SUPPLIED RECORDS:
_ _ _ _ _ _ _
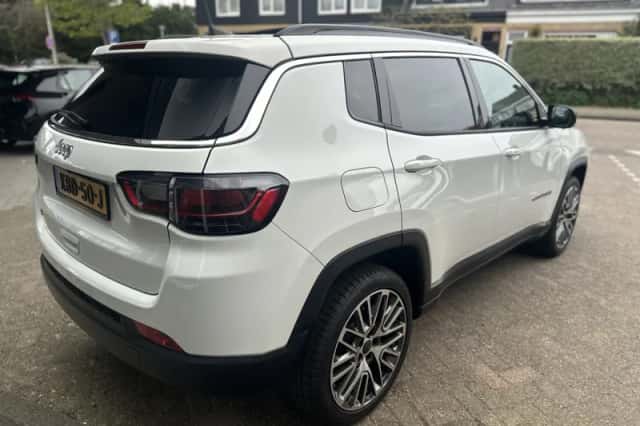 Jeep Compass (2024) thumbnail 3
_ _ _ _ _ _ _
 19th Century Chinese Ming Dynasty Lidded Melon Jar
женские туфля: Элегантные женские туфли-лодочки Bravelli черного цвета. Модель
_ _ _ _ _ _ _
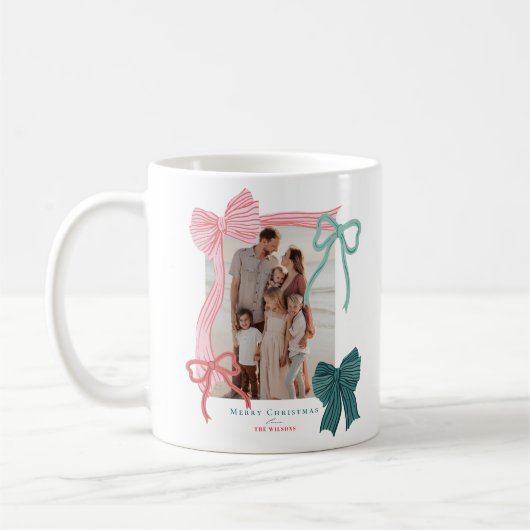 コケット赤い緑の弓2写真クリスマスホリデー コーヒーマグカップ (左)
_ _ _ _ _ _ _
PROBLEM STATEMENT: There is a line with "19th Century Chinese" and a line with "женские туфля: Элегантные" above. Copy exactly those two lines and all lines between them, with nothing else.

ANSWER BOX:
 19th Century Chinese Ming Dynasty Lidded Melon Jar
женские туфля: Элегантные женские туфли-лодочки Bravelli черного цвета. Модель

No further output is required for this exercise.